WORK TO COMPLETE | Only the lines from the one containing "2016 Chrysler 300 Limited" through the one containing "- Vezzano Ligure" should be printed, exactly as they appear below, with both ends included.

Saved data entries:

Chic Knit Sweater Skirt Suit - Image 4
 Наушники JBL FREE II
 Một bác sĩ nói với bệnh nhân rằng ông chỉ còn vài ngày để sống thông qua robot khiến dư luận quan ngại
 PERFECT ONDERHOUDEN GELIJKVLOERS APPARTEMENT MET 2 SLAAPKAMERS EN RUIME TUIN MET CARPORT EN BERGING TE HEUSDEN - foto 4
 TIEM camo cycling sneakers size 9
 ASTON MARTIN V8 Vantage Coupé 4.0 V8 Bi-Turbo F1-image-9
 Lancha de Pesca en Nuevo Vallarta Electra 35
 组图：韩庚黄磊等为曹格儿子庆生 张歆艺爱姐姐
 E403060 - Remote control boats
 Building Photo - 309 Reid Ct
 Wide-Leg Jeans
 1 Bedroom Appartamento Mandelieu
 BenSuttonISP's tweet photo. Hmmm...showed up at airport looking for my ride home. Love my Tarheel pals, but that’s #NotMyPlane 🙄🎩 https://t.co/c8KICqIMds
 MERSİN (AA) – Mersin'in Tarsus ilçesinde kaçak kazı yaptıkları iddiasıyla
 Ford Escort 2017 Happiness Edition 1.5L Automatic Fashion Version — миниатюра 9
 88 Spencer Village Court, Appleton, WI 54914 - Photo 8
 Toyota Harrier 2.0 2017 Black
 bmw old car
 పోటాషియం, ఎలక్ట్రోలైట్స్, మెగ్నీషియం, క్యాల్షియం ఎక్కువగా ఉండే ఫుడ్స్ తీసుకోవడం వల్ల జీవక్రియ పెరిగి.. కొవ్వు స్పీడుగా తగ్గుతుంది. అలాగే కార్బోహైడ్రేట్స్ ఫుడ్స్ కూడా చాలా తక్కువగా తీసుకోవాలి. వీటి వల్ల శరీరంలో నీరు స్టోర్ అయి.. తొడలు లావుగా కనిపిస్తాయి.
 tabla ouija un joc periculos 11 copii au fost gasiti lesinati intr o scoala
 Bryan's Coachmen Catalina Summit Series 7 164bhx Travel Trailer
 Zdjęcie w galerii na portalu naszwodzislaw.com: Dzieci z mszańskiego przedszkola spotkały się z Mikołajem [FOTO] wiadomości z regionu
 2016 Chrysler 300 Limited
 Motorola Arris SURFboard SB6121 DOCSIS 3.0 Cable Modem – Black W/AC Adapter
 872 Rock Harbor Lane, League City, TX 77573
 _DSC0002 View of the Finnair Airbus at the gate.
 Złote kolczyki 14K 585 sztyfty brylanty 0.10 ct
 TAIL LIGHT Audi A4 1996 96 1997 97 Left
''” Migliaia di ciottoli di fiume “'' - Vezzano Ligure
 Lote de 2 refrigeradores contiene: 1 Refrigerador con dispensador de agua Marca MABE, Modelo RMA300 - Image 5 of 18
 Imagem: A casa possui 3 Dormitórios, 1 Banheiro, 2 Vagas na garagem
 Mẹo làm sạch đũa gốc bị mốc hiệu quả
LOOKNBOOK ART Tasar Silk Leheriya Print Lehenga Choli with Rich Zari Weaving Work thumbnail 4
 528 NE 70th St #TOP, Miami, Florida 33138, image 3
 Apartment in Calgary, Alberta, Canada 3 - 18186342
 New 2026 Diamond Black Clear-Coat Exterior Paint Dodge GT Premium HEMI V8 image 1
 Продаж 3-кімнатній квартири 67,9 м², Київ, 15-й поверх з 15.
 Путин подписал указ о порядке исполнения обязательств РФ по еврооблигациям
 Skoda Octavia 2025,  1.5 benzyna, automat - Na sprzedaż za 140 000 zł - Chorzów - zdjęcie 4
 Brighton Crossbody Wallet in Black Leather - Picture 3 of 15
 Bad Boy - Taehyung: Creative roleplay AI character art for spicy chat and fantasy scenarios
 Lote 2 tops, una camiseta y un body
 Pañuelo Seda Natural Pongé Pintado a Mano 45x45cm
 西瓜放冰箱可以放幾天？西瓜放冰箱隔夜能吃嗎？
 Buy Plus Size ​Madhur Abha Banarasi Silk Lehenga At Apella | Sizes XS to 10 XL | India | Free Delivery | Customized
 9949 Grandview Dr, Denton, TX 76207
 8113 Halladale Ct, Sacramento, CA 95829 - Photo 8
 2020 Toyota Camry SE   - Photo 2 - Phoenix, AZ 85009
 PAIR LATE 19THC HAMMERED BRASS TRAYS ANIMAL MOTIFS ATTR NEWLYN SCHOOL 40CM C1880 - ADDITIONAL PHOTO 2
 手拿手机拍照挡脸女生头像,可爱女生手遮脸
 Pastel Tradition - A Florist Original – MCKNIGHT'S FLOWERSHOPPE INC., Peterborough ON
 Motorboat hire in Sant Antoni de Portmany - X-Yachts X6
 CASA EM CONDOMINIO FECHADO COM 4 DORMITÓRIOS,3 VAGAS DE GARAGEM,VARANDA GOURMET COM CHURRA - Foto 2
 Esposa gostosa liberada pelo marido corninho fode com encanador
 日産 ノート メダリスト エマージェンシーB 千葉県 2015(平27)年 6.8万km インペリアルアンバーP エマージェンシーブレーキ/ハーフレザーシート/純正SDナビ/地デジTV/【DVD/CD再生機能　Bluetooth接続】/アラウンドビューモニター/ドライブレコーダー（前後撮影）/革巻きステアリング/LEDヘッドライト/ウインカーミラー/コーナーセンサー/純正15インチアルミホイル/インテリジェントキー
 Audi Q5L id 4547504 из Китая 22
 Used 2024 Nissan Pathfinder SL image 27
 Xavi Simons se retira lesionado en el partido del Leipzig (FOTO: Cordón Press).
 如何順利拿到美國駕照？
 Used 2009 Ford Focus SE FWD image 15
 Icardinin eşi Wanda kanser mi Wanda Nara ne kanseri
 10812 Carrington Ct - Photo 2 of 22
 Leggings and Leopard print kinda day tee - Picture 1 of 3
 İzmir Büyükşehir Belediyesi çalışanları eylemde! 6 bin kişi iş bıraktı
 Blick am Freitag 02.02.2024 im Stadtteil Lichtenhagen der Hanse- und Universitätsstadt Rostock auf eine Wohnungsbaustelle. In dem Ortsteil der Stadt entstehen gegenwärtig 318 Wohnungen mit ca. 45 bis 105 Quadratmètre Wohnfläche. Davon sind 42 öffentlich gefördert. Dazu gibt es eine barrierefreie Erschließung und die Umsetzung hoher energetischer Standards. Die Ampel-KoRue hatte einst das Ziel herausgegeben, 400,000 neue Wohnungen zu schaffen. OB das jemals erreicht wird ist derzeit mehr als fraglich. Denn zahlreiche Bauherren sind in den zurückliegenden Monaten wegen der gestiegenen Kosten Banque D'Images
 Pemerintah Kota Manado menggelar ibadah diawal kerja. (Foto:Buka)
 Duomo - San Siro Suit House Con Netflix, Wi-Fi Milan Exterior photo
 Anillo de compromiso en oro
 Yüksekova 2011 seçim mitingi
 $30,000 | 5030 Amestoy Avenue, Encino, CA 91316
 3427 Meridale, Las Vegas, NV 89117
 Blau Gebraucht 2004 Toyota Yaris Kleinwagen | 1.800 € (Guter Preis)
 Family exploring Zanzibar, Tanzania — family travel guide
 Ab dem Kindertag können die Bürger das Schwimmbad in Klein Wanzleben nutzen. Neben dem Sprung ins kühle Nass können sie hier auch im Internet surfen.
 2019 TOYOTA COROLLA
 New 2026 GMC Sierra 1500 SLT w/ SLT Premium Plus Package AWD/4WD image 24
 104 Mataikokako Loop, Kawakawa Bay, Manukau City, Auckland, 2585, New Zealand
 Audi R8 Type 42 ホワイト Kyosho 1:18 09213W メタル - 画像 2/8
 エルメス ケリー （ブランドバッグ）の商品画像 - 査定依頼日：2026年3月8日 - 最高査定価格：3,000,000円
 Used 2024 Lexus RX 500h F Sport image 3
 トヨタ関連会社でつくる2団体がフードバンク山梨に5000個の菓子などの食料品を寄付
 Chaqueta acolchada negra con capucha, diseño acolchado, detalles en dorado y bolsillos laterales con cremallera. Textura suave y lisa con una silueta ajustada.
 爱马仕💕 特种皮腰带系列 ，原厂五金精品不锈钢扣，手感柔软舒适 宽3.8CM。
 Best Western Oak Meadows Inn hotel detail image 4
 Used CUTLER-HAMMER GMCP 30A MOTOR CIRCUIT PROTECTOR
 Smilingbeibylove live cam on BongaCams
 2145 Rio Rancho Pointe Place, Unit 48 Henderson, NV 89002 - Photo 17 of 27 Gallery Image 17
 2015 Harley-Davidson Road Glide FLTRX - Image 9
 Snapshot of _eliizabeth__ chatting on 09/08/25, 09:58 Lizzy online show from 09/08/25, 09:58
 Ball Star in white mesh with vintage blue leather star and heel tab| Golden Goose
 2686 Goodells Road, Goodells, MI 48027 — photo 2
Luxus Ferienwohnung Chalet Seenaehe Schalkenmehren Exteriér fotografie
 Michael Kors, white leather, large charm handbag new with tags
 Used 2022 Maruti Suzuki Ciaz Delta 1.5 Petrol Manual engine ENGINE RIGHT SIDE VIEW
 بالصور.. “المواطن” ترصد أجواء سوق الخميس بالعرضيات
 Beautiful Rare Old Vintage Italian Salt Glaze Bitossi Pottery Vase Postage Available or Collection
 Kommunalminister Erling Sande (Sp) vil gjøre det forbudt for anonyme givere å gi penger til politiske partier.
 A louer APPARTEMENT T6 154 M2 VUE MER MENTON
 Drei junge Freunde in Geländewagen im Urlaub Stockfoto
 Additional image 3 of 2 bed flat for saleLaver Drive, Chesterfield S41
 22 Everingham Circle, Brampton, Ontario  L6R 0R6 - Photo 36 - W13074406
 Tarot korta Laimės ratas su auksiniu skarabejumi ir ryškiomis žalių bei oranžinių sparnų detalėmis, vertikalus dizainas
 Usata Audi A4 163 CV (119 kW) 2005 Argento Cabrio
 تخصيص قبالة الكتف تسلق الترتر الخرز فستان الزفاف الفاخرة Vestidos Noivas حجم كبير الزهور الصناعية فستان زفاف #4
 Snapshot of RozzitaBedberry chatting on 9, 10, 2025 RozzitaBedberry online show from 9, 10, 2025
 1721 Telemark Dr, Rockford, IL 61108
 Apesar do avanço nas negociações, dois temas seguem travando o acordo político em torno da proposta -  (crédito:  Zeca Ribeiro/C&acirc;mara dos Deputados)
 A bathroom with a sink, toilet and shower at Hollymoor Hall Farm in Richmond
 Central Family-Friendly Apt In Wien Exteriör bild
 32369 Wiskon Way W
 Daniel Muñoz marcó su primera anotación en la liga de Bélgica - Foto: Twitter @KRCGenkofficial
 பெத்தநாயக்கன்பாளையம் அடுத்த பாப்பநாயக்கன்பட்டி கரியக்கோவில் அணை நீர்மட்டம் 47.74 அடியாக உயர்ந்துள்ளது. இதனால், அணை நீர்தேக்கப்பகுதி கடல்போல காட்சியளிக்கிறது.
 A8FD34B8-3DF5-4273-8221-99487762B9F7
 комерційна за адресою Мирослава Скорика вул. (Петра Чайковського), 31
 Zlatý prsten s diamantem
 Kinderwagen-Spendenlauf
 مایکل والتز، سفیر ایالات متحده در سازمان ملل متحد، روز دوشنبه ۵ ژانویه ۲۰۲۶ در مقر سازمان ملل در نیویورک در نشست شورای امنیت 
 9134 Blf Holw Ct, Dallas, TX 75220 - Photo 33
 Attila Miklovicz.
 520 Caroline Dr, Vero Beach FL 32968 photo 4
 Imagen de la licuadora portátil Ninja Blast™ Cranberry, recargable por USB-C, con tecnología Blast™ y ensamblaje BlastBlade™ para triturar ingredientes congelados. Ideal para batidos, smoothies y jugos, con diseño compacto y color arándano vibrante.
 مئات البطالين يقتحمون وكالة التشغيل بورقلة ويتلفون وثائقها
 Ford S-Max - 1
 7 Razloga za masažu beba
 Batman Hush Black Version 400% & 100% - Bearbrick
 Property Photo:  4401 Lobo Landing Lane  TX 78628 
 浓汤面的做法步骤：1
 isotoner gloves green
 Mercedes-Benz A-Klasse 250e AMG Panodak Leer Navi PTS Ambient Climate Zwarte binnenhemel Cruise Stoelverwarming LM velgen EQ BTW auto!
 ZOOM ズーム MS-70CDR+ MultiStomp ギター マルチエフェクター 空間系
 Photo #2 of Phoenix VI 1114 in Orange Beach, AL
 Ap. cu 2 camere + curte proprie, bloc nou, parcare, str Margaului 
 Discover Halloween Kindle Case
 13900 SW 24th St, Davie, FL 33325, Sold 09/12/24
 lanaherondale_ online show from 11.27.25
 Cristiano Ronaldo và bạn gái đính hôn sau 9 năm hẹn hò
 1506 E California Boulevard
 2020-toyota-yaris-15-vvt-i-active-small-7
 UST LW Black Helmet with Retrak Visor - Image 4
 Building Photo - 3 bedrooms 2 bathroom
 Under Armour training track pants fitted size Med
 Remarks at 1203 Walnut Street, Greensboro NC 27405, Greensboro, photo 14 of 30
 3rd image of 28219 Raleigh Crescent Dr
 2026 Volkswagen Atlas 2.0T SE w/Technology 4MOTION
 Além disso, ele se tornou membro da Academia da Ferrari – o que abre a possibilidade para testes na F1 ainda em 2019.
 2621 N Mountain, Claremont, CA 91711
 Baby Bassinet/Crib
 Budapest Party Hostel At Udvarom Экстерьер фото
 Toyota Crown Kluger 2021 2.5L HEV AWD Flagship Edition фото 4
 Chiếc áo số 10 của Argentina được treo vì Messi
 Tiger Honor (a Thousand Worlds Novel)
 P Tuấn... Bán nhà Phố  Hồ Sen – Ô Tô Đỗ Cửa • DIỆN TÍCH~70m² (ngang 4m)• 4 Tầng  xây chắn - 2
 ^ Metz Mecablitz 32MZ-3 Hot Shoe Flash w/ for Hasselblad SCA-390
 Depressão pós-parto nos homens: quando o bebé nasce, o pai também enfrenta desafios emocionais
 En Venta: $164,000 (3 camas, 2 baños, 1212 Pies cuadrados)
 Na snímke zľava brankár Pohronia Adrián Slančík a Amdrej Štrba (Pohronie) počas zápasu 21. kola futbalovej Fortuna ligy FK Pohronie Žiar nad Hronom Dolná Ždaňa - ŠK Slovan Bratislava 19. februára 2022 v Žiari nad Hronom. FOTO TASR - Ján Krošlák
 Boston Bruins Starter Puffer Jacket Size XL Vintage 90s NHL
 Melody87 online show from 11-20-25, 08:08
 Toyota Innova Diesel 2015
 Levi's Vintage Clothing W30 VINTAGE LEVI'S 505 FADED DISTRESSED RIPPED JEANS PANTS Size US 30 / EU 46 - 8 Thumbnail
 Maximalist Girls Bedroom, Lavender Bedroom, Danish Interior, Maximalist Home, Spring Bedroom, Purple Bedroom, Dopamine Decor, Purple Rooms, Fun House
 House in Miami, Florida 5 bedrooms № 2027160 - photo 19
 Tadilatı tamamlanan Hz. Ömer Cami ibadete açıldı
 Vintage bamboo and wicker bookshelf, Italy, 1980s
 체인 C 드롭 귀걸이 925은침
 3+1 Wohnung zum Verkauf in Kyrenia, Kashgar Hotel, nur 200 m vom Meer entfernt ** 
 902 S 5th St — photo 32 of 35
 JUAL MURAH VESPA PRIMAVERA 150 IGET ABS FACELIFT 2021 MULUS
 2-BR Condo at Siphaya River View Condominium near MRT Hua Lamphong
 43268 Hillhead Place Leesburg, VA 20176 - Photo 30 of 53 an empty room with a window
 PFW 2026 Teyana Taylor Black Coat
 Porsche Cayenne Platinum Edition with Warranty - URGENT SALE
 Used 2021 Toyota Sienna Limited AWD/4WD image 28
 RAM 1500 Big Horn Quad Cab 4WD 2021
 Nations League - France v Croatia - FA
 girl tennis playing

THE COMPLETED TASK |
 2016 Chrysler 300 Limited
 Motorola Arris SURFboard SB6121 DOCSIS 3.0 Cable Modem – Black W/AC Adapter
 872 Rock Harbor Lane, League City, TX 77573
 _DSC0002 View of the Finnair Airbus at the gate.
 Złote kolczyki 14K 585 sztyfty brylanty 0.10 ct
 TAIL LIGHT Audi A4 1996 96 1997 97 Left
''” Migliaia di ciottoli di fiume “'' - Vezzano Ligure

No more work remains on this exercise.